No lo percibimos en su total amplitud debido a la familiaridad que les tenemos, pero una estatua es en realidad una potente declaración: Una enorme masa erecta en medio de una plaza o una avenida. Diseñada para ser vista, para resaltar sobre su entorno, para hacerse presente de forma irrefutable. Es prácticamente imposible ignorarla. La palabra que define la instalación de cualquier estatua, con todas las connotaciones sexuales que implica, es “erección”.

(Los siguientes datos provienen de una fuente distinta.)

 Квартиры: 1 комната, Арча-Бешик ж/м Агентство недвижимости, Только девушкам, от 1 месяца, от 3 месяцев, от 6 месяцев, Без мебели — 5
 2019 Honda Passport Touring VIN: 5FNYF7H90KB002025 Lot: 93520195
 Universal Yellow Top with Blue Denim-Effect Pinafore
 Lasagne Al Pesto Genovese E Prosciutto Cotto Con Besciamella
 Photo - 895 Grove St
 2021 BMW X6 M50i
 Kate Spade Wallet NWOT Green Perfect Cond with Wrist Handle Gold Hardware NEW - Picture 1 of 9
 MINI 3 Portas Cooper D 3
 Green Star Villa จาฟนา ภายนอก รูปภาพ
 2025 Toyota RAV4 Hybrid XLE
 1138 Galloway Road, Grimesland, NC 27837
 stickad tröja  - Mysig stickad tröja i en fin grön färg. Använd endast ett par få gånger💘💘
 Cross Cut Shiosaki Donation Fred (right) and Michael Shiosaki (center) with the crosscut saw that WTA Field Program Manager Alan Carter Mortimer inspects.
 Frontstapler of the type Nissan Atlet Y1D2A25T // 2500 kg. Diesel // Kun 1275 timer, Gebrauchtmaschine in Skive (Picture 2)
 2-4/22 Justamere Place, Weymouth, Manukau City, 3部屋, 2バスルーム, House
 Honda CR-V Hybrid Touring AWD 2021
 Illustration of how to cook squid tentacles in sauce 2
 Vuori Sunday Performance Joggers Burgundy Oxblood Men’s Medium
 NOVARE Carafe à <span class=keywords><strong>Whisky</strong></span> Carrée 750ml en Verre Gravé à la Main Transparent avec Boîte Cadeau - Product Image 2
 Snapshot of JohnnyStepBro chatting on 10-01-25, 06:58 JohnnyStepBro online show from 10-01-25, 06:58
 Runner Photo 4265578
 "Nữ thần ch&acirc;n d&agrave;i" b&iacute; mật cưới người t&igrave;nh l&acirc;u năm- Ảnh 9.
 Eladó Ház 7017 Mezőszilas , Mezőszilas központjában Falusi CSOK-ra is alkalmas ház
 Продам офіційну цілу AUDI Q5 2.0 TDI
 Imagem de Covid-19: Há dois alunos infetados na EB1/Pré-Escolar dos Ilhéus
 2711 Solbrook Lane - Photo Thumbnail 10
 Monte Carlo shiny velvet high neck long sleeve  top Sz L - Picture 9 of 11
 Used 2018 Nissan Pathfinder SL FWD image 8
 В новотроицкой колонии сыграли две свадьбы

Las estatuas generan pasiones. Es por esto que, todo lo que está pasando alrededor de cierto navegante genovés, no es nada extraño.

Desde el principio de la historia los gobernantes han tenido la necesidad de trascender su tiempo y su espacio; los egipcios y mesopotámicos construyeron enormes monumentos con los que trababan de exaltar su gloria. Una apoteosis esculpida en piedra diseñada para impresionar a las futuras generaciones. A pesar de estos rotundos esfuerzos por trascender, los cambios de régimen siempre trajeron la destrucción de los monumentos antiguos para la erección de nuevos. Las ruinas de los dioses caídos eran retiradas para dejar espacio a los recién llegados.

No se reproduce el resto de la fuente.